◆ Dataset entries

_ _ _ _

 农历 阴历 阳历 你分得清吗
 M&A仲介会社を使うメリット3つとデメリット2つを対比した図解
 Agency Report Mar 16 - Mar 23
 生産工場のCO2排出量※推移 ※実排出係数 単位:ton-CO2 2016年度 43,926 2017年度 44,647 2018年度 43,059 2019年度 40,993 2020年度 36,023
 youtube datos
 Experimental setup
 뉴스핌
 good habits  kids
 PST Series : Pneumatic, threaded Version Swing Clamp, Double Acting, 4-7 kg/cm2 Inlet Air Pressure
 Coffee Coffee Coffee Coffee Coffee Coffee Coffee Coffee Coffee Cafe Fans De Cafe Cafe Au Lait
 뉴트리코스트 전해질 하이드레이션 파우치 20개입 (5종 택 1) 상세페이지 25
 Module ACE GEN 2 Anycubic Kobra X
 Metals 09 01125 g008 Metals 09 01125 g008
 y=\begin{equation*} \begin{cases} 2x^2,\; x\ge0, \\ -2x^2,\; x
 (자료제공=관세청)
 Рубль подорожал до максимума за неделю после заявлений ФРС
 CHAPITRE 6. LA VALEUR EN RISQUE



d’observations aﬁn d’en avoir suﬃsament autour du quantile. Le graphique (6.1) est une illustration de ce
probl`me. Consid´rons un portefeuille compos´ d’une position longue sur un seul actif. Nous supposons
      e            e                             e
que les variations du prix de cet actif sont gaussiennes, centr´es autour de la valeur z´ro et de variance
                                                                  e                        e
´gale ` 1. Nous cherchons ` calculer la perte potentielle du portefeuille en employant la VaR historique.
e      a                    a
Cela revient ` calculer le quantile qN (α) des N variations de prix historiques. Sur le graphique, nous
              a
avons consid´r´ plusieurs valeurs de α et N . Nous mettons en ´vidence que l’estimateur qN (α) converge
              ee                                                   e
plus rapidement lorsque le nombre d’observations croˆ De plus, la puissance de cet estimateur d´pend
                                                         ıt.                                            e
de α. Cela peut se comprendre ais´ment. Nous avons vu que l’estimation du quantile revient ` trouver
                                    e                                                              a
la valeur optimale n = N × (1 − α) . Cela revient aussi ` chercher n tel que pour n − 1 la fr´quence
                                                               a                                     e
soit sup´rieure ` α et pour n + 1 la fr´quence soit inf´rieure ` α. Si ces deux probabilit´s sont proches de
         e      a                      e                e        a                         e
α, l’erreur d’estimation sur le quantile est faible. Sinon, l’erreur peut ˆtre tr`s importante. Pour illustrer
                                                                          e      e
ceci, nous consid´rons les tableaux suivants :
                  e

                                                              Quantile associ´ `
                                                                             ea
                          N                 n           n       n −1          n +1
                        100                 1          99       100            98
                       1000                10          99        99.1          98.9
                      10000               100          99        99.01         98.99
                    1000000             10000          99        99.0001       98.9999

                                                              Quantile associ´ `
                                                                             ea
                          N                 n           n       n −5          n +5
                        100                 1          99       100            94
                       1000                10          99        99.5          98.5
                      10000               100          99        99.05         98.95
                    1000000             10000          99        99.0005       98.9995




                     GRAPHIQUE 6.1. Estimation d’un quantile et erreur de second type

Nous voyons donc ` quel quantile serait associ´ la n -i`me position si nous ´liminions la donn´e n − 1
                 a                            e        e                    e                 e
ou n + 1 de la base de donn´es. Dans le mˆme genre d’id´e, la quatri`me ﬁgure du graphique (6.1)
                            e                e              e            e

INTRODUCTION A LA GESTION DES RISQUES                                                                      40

_ _ _ _

◆ EXERCISE DESCRIPTION
Search the data for "variations". Copy every matching line.

◆ RESPONSE TO THIS TASK
que les variations du prix de cet actif sont gaussiennes, centr´es autour de la valeur z´ro et de variance
Cela revient ` calculer le quantile qN (α) des N variations de prix historiques. Sur le graphique, nous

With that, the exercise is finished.